GMP (Good Manufacturing Practices) adalah pedoman persyaratan cara
berproduksi yang baik bagi suatu unit pengolahan ikan (KepMen-KP, 2013).
Berdasarkan KepMen-KP (2013), bahwa aspek penerapan GMP pada sebuah UPI
meliputi: seleksi bahan baku, penanganan dan pengolahan, bahan tambahan bahan
penolong dan bahan kimia, pengemasan, penyimpanan, serta distribusi.
Prosedur operasi sanitasi standar adalah pedoman dan tata cara penerapan
sanitasi yang baik untuk memenuhi persyaratan jaminan mutu dan keamanan hasil
perikanan (PerMen-KP, 2016). Berikut 8 aspek kunci SSOP berdasarkan PerMen-KP
(2019), meliputi: keamanan air dan es, kondisi permukaan yang kontak langsung
dengan produk, pencegahan kontaminasi silang, fasilitas tempat cuci tangan, sanitasi
dan toilet, proteksi dari bahan kontaminan, pelabelan penyimpanan dan penggunaan
bahan kimia berbahaya, kondisi Kesehatan karyawan, serta pengendalian hama.
Konsepsi Hazard Analysis Critical Control Point (HACCP) adalah suatu metode
manajemen keamanan hasil perikanan yang bersifat sistematis dan didasarkan pada
prinsip-prinsip yang telah dikenal, yang ditujukan untuk mengidentifikasi bahaya
(hazard) yang kemungkinan dapat terjadi pada setiap tahapan dari rantai persediaan
makanan (PerMen-KP, 2018). Berikut 7 prinsip HACCP yang terdiri atas: Analisa
bahaya, penentuan titik kritis (critical control point), penetapan batas kritis, prosedur
pengendalian titik kritis, tindakan perbaikan, prosedur verifikasi, serta dokumentasi.

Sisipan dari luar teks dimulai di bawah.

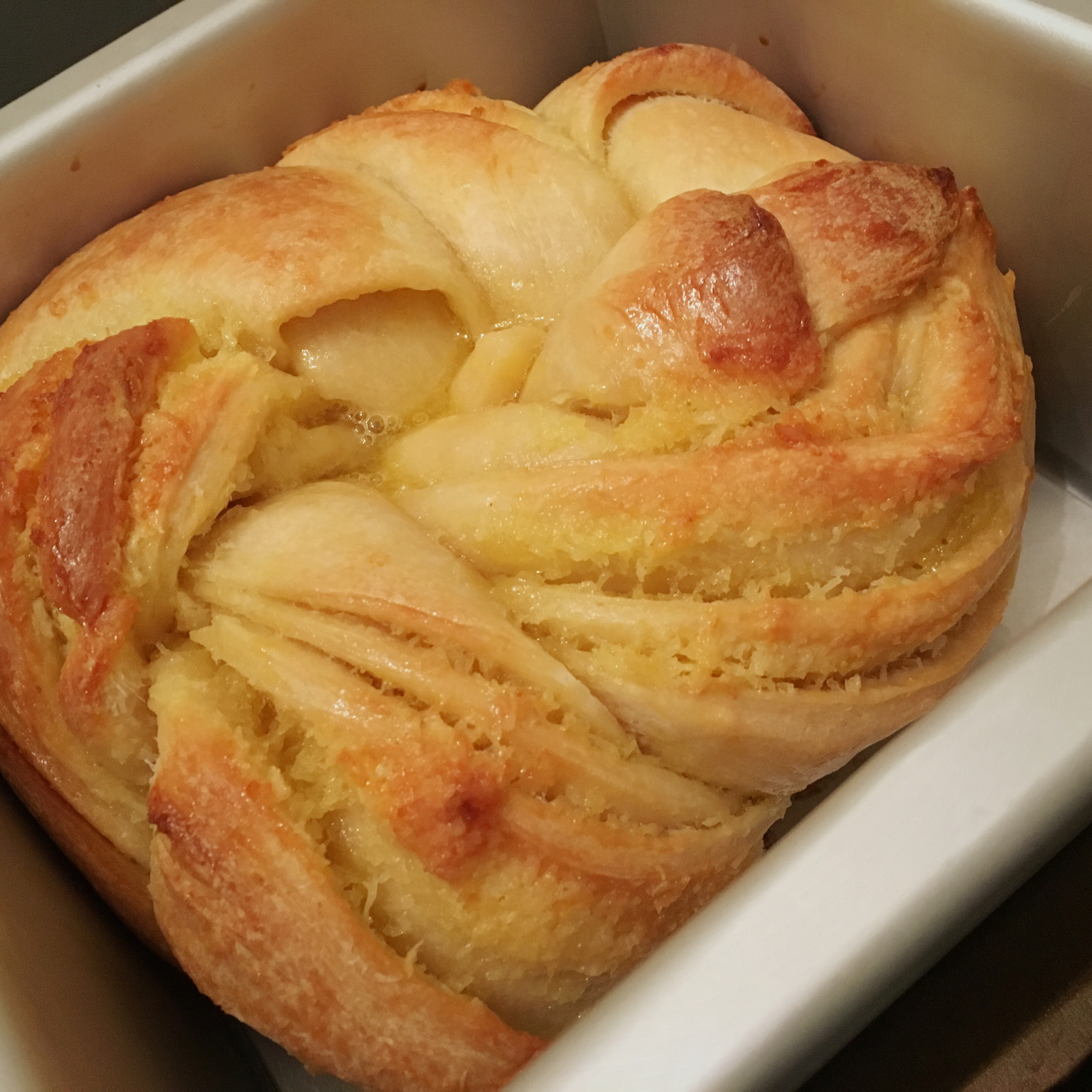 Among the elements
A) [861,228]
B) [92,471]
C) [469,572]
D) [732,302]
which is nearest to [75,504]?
[92,471]

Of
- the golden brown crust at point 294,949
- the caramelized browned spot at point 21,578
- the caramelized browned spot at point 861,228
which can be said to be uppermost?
the caramelized browned spot at point 21,578

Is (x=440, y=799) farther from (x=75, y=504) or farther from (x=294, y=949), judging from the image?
(x=75, y=504)

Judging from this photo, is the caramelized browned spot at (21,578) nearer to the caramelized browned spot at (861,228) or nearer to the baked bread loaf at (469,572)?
the baked bread loaf at (469,572)

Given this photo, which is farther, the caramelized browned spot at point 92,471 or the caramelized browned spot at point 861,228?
the caramelized browned spot at point 861,228

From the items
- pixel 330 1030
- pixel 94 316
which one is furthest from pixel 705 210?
pixel 330 1030

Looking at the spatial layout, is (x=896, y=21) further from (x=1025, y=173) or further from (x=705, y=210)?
(x=705, y=210)

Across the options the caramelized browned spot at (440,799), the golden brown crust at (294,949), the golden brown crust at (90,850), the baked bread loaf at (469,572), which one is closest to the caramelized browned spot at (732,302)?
the baked bread loaf at (469,572)

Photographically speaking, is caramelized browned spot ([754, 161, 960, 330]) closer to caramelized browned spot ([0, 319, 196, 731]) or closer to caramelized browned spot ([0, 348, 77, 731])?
caramelized browned spot ([0, 319, 196, 731]) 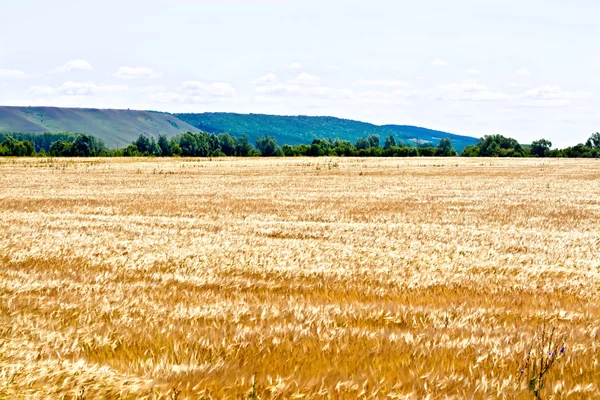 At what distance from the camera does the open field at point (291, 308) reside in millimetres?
4797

Kerja Praktek Akhir (KPA) ini dilaksanakan selama 67 hari dimulai dari tanggal 1
Maret 2021 sampai 7 Mei 2021 di PT. Dimas Reiza Perwira Kota Surabaya Jawa Timur.
Metode yang digunakan untuk Kerja Praktek Akhir (KPA) adalah metode survey dan
magang. Teknik pengumpulan data yang dilakukan adalah dengan observasi,
wawancara dan dokumentasi.
Materi pada Kerja Praktek Akhir (KPA) ini meliputi materi umum dan materi
khusus. Materi umum merupakan materi yang bersifat umum, seperti sejarah berdirinya
perusahaan, lokasi berdirinya perusahaan, profil perusahaan, ketenagakerjaan, sarana
dan prasarana, serta struktur organisasi dan tugas beserta fungsinya. Sedangkan
materi khusus yang akan dipelajari adalah bagaimana system penerapan 7 prinsip
Hazard Analysis Critical Control Point (HACCP) pada proses pembekuan ikan lele
bentuk WGG di PT. Dimas Reiza Perwira.
PT. Dimas Reiza Perwira berdiri pada tahun 1985 yang saat itu belum melakukan
produksi, hanya sewa simpan di cold storage. Pada tahun 2009 berganti pemilik dan
mulai memproduksi ikan bandeng untuk umpan pancing, kemudian di tahun 2016 mulai
memproduksi bahan pangan seperti ikan gurami beku, ikan lele beku, fillet patin dan batari, dan terus berkembang hingga saat ini. Luas lahan yang dimiliki adalah 10.488
m
2
. Jumlah tenaga kerja yang dimiliki adalah 122 orang, dengan susunan 10 orang staf,
16 orang harian tetap, 24 orang borongan kilo dan 72 orang borongan jam.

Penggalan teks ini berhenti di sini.